Кольцо раскалилось на пальце от бешеного вращения.

— Ну-у… Не-е, не совсем, мисс. Вообще-то я Мадд. Энни Мадд. Ну… Это лучше звучит, что ли.

— Ясно. Что ж, мисс Мадд… Энни. Вы понима ете, что у нас убежище временное, для тех, кому некуда пойти? Не гостиница.

— Да, мисс, знаю, мисс. Я слышала про вас, и когда это… когда он… когда я… я и подумала, пойду-ка я…

— Присаживайтесь, Энни. Сколько вам лет?

— Двадцать один.

— Энни, наше убежище учреждено при Новом Храме в Господе. У нас нужно говорить правду.

— Извините, мисс. Восемнадцать, мисс, в апреле будет, в этом.

— Значит, пока семнадцать. Где ваш дом?

— Дак… Нету, мисс. Больше нету. Я туда больше не пойду. Я лучше утоплюсь. Господом клянусь.

— Успокойтесь, Энни. Мы вас не заставим вернуться. Мы никого ни к чему не принуждаем. Вас дома обижали?

— Всё потому, что я сказала, не буду больше.
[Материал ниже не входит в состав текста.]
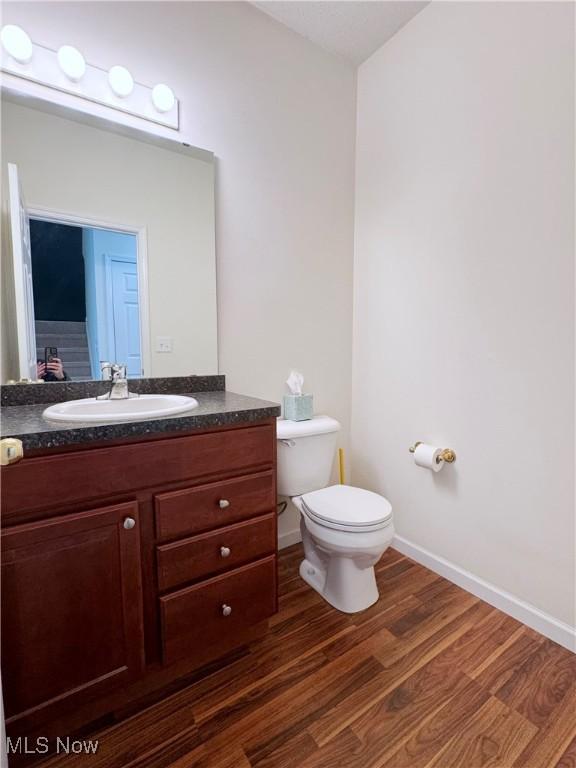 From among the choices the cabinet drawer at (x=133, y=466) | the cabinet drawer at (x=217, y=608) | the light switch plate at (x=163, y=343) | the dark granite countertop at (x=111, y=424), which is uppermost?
the light switch plate at (x=163, y=343)

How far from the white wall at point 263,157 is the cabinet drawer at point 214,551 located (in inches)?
28.3

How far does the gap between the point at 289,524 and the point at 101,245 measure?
162 centimetres

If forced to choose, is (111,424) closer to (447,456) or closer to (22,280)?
(22,280)

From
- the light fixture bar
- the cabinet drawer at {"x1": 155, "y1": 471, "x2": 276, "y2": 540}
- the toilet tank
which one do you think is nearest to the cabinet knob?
the cabinet drawer at {"x1": 155, "y1": 471, "x2": 276, "y2": 540}

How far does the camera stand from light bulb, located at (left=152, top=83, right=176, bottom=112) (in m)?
1.46

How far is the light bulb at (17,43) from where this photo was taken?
1.20 meters

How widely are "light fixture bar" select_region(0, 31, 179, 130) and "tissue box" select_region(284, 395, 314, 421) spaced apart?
1270 millimetres

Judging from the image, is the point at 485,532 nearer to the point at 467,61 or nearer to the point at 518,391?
the point at 518,391

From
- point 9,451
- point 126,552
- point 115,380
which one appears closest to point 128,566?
point 126,552

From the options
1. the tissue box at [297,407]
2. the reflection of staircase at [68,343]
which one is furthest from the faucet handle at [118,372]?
the tissue box at [297,407]

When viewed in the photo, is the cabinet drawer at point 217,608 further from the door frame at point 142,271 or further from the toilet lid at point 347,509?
the door frame at point 142,271

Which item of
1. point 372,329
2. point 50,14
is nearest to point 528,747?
point 372,329

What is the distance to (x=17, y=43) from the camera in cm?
121

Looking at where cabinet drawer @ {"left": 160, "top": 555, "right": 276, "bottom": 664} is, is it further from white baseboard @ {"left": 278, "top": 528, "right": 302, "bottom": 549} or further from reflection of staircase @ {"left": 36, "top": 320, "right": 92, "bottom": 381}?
reflection of staircase @ {"left": 36, "top": 320, "right": 92, "bottom": 381} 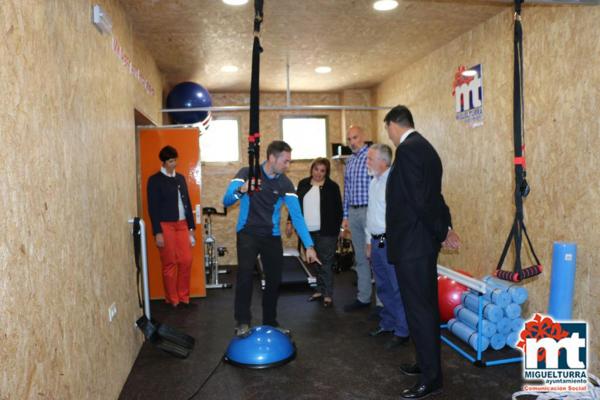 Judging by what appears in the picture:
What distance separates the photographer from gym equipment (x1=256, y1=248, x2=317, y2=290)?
5.60m

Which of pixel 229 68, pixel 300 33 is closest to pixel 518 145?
pixel 300 33

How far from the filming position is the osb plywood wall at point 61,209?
1.55 m

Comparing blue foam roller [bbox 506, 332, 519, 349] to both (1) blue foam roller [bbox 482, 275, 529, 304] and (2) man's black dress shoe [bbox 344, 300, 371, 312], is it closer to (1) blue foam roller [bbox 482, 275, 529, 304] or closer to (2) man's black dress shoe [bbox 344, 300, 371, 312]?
(1) blue foam roller [bbox 482, 275, 529, 304]

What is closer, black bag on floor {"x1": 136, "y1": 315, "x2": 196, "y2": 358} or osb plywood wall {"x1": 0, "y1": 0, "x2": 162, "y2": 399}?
osb plywood wall {"x1": 0, "y1": 0, "x2": 162, "y2": 399}

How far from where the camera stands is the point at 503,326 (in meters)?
3.42

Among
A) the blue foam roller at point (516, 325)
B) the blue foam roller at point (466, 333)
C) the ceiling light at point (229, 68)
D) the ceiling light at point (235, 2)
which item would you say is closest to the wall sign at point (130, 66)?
the ceiling light at point (235, 2)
Он хотел, чтобы я с этим… это… Ну, я ни в какую. Никогда. И он меня стукнул сильно и запер, а я в окно и по трубе по дождевой…

— Вы говорите о вашем покровителе?

— Моем… как?

— Кавалере…

— A-а… да, он, он…

— А семья ваша, Энни? Есть у вас родные?

— Да-а, есть. Ну, мать-то померла, царство ей, значит, небесное… Сестра в Бристоль уехала. Вот я и думаю, денег накоплю, да к сестре.

— А отец? Тоже умер?

— Да лучше б помер, прости господи, извините, мисс. Он-то мне и вмазал… — Я осторожно потрогала пальцем губу.

— Отец, — ахнула Руби. — Ах, Боже мой… — Однако эмоции эмоциями, а дело делом. Она встала, предложила мне посидеть и вышла. Меня бегло осмотрела фельдшерица, интересовавшаяся в первую очередь паразитами и побоями, а не наркотиками, и мне удалось скрыть свою исколотую руку. Затем ванна, смена белья, горячее питание и постель в отделенном занавеской отсеке. Вечерняя суматоха была в полном разгаре, поэтому никто не заметил, что я позаимствовала на полке пару подушек и одеял, которые засунула под свою кровать. Пошатавшись по коридору, я улучила момент и стащила еще какие-то платье и шляпу. Они тоже полетели под кровать. Свет еще горел — электрический, не газ — в здании шумели женщины и дети. Я стащила башмаки, улеглась на тонкий матрасик и закрыла глаза. Спать я не собиралась, размышляла о моральной стороне предприятия. Бывают средства, которые нельзя оправдать никакой целью, однако грязная шпионская работа должна быть выполнена, и никто не подходит для нее лучше меня.